::: The data :::
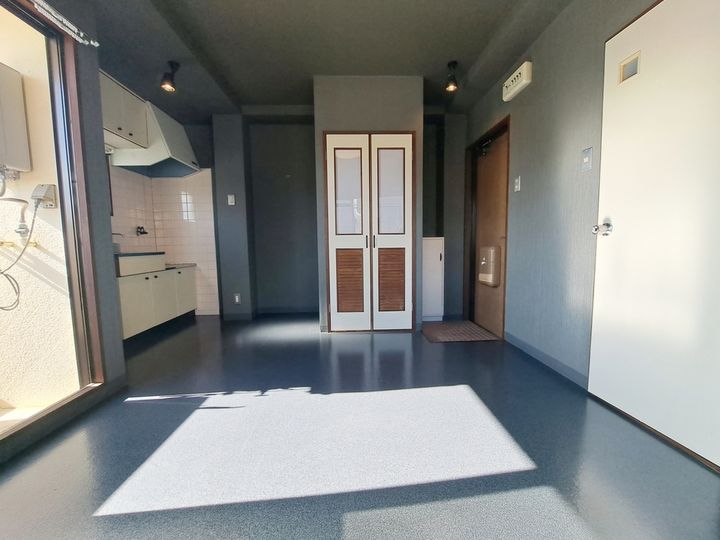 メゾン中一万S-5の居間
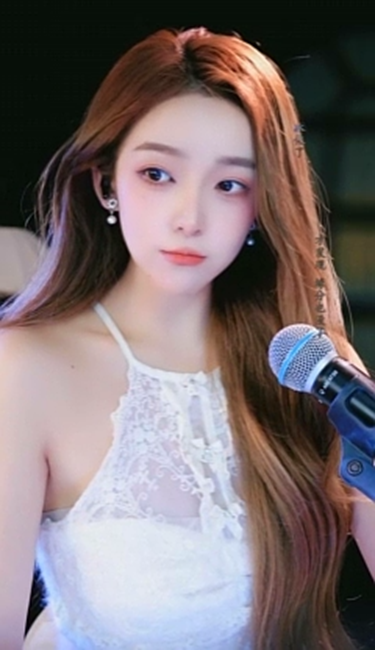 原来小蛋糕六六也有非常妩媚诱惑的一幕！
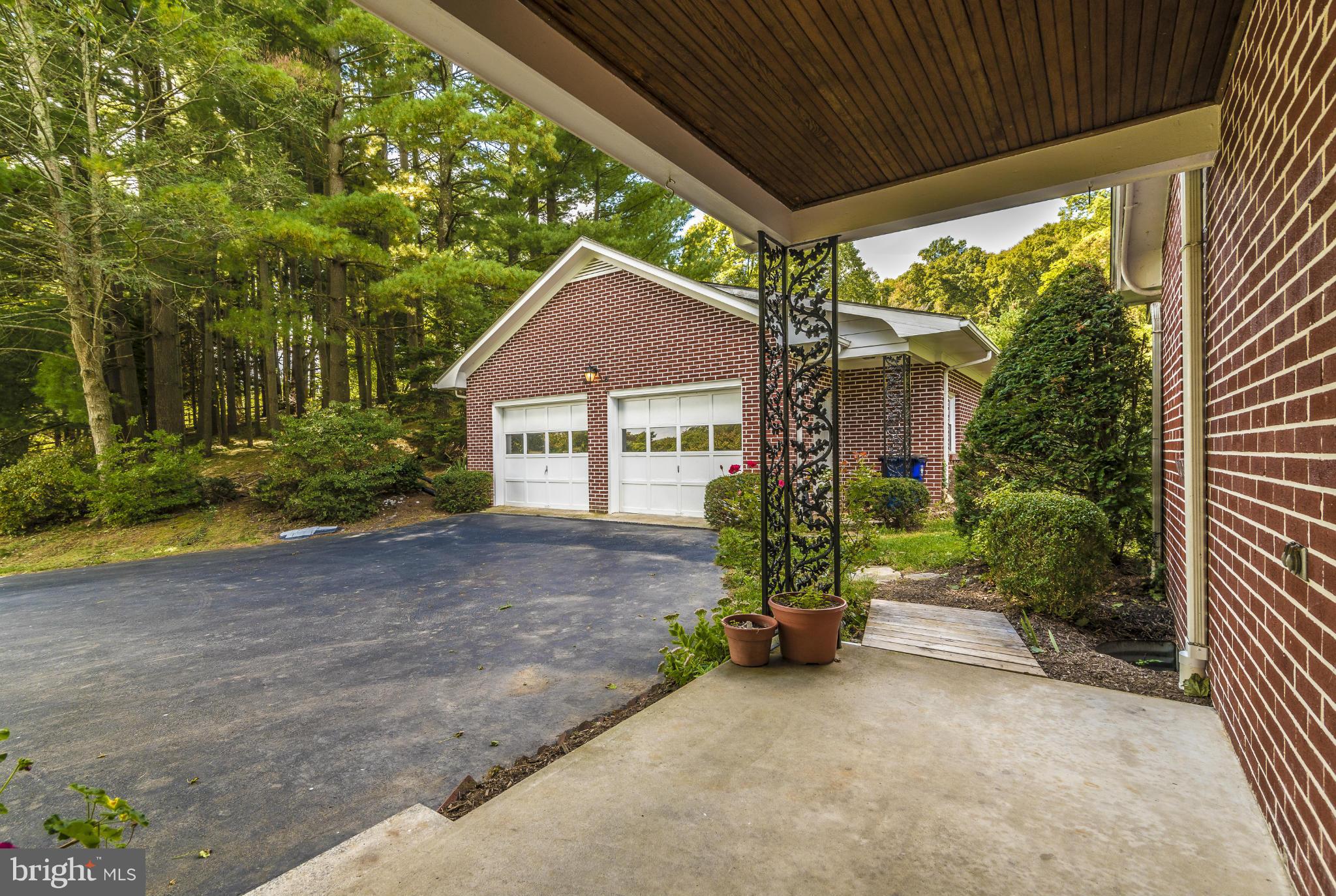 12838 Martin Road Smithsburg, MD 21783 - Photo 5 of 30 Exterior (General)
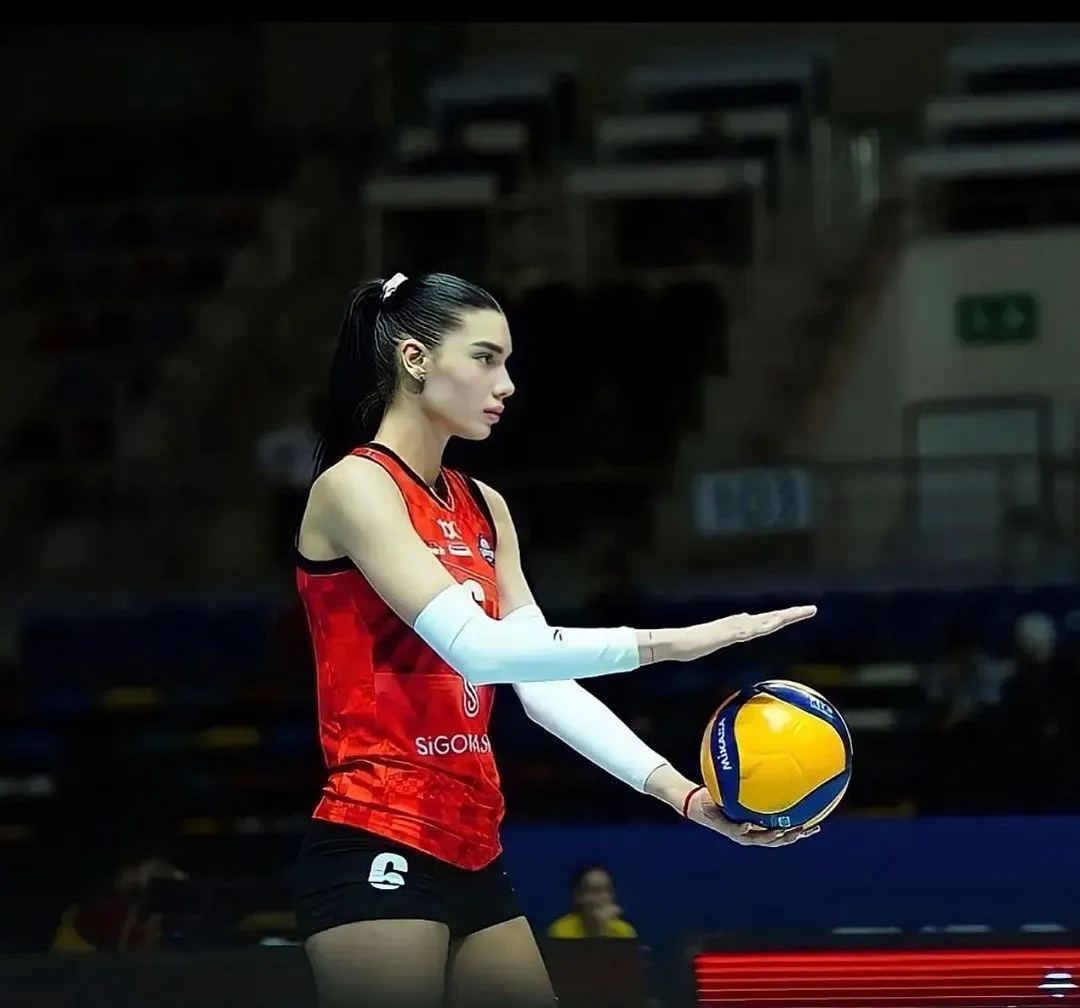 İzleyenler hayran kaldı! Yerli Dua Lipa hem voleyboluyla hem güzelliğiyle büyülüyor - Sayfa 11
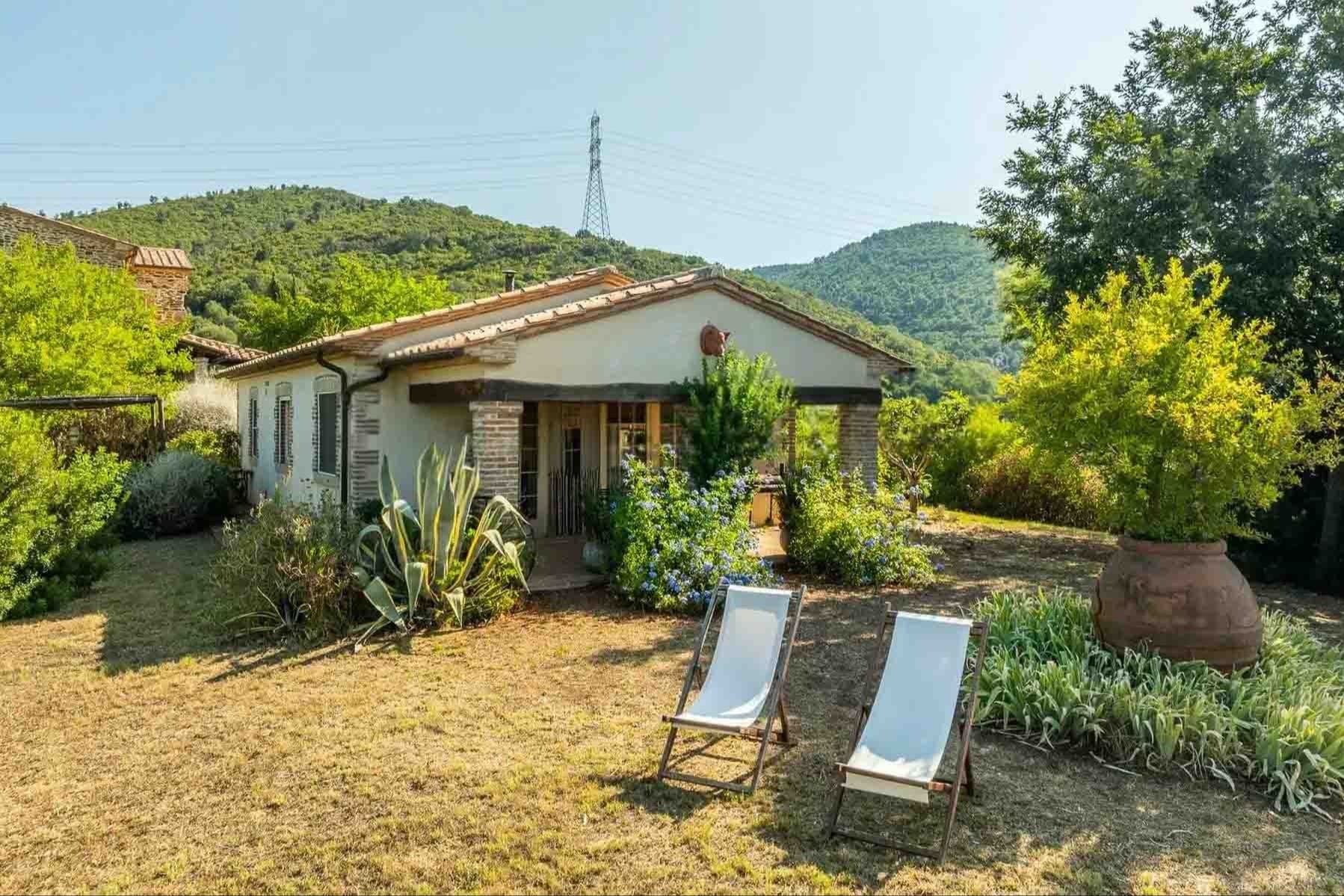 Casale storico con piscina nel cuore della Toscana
:::
::: The data :::
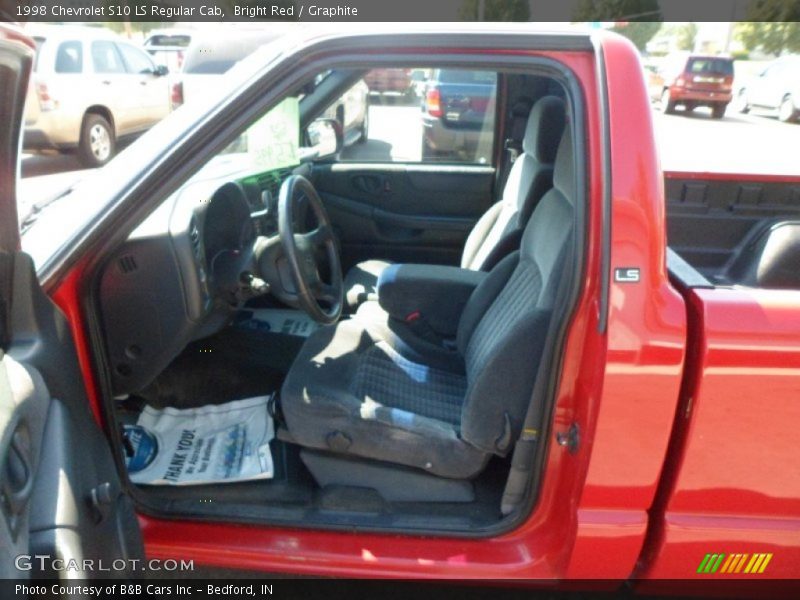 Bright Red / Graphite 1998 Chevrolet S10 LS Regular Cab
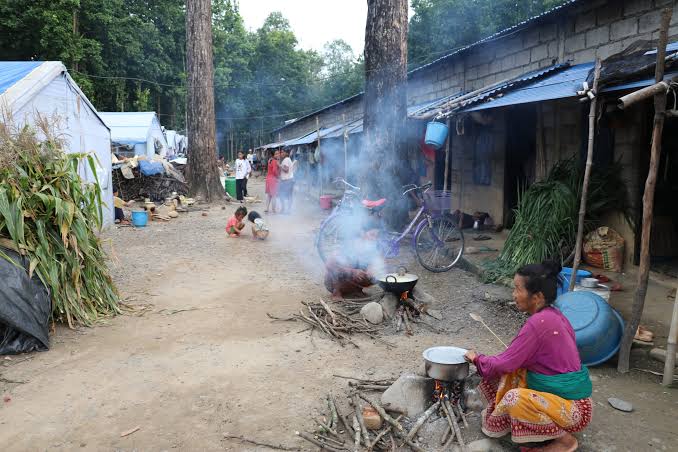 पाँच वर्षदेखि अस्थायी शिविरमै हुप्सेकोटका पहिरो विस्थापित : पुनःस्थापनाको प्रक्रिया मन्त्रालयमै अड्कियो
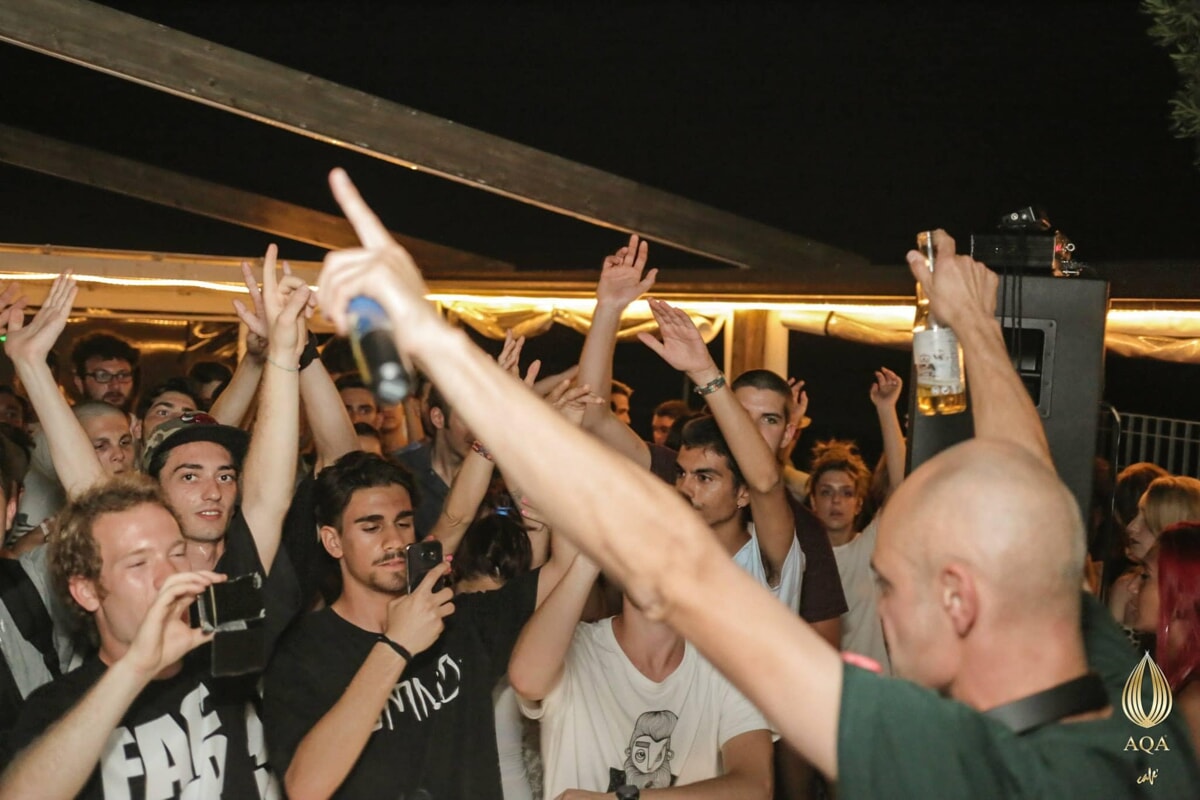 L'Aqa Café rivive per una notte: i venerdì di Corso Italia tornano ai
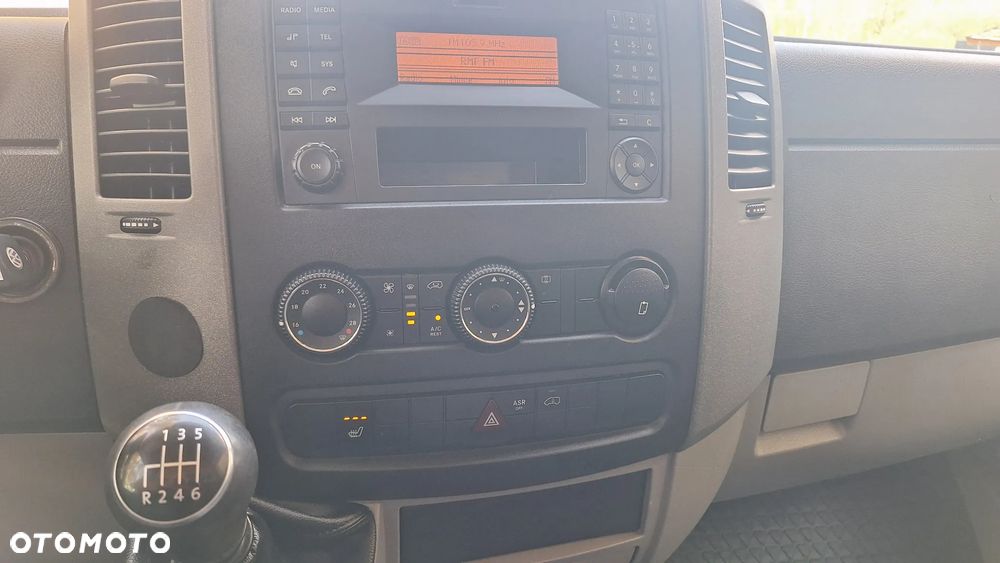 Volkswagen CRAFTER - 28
:::
::: The data :::
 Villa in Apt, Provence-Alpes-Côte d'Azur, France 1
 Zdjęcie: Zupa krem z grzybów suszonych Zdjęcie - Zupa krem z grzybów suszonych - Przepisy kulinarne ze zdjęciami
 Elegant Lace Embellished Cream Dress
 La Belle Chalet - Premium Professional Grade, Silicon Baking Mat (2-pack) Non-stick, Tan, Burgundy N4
:::
— Your task —
From the records above, reproduce exactly the lines from the one with "Villa in Apt, Provence-Alpes-Côte" to the one with "La Belle Chalet", both included, and no others.

— Worked solution —
 Villa in Apt, Provence-Alpes-Côte d'Azur, France 1
 Zdjęcie: Zupa krem z grzybów suszonych Zdjęcie - Zupa krem z grzybów suszonych - Przepisy kulinarne ze zdjęciami
 Elegant Lace Embellished Cream Dress
 La Belle Chalet - Premium Professional Grade, Silicon Baking Mat (2-pack) Non-stick, Tan, Burgundy N4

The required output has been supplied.